Bud Torcom, the CEO of Mazama Media, reports on the four trends to shake up the world of digital marketing in 2018 for the Forbes magazine. According to Torcom, these trends are “Growth Hacking, Programmatic Marketing, Facebook’s Real-World Tools” and “Voice Control”. The first trend refers to how the modern day companies have developed a strategy to discover the most efficient ways to grow their businesses by experimenting with different product development methods and marketing channels. This way, the product is marketed to a larger audience with more functional and fulfilling bonuses and promotions, which adds value to it. The second trend focuses on programmatic and periodic technologies and applications to be used for long-term marketing procedures that ensure higher returns on investment. The innovation it will bring is so massive that many speculate how “more than 80% of all advertising by 2019” will be programmatic. The third trend refers to how Facebook is seeking to invest into new real-life features and tools to bring its marketing services to the physical world. Among such services is store visits which will enable companies to access Facebook users to promote their stores and products to them when they are nearby. The final trend considers breakthrough technologies such as Amazon’s Alexa and Google’s Home that utilize always-on microphones to provide such services to their users. As marketers will begin to access such microphones and speakers for their own use, they will interfere into such services with advertisements and commercials to inform and hopefully convince their customers about their products and services, in the comfort of their homes.

Arnt Eriksen for the Huffington Post reports on three video marketing trends that will become popular in 2018, which are namely, “stories”, “live-streaming” and “explainer videos”. The first trend was introduced by Snapchat in 2013 which established the company into the realm of superstardom among social media enthusiasts. This function enables social media users, of Snapchat and others currently, to create temporary videos to be watched by friends for up to 24 hours after which the content disappears. This feeling of temporariness and randomness has become a hit among social media users and Facebook, Instagram and Whatsapp have all added this function to their systems. The second trend will be important because video input has already become an extremely popular element of social media while online presence and live-streaming are notoriously famous for encouraging engagements from the audience. Therefore, in 2018, more social media outlets will be utilizing video and live-streaming functions to be able to meet the increasing demand but more importantly increase their traffic and therefore profits. The third trend will be important in the sense that explainer videos are very popular among people who investigate about things online because they make the process so much easier than regular research. A good example for such a utilization is BuzzFeed’s “Tasty” series, which has become very popular due to the fact that the episodes give recipes for great food in a very fast paced and comprehensible manner. This way, BuzzFeed stole a lot of viewers from YouTube, where such videos are long and boring which is a great sign of the power embodied by explainer videos.
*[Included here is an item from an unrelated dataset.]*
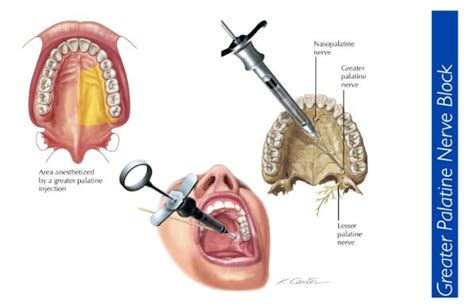 Anterior or Greater Palatine Nerve Block – Local Anesthesia Technique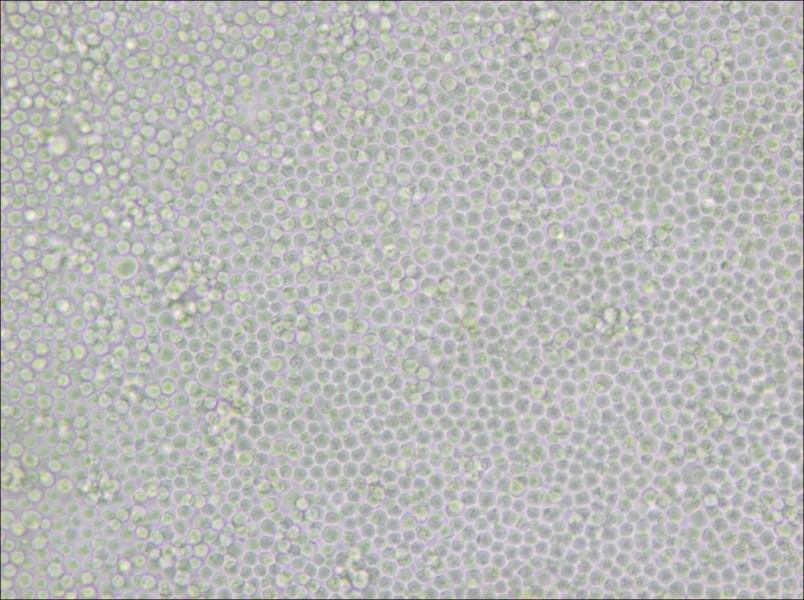 P388D1 Cell Complete Medium - 4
Daisuke Wakabayashi for the New York Times reports on the relationships between online stars and famous brands to explain how such brands are seeking ways to partner with popular YouTube, Facebook and Instagram users to help them with their marketing campaigns. This market, meaning the viral online video sector, is estimated to reach $10 billion in 2020 with many brands cashing out significant sums of money to be featured in a video of such nature. A great example is when Stephen Curry, the basketball star, was included in Brita’s viral video where Rudy Mancuso and Andrew Bachelor, two popular online musicians, to make music with the basketball star. The video depicted Curry constantly refilling the Brita container with water and Mancuso’s song singing about how Curry helped him live a healthier life by using Brita instead of a regular bottle. The project made thousands of dollars for the musicians and also helped improve the image of Curry in the eyes of the viewers and therefore can be considered as a success story. However, there are also cases where popular online personalities have been faced with accusations and criticism due to their behavior such as Felix Kjellberg, or PewDiePie on YouTube, who was criticized by his anti-semitic remarks and actually lost sponsorships, such as his deal with Nissan, as a result. Another famous YouTube figure, Logan Paul, was actually dropped off the online platform after he posted “a video of a dead body hanging from a tree in a Japanese forest known for suicides” because it commemorated ugly and painful memories for many Japanese viewers of YouTube. Therefore, the power and authority granted to such famous individuals by digital media needs to be understood well before posting content online as extreme views or misunderstandings might  result in total loss of popularity and therefore income.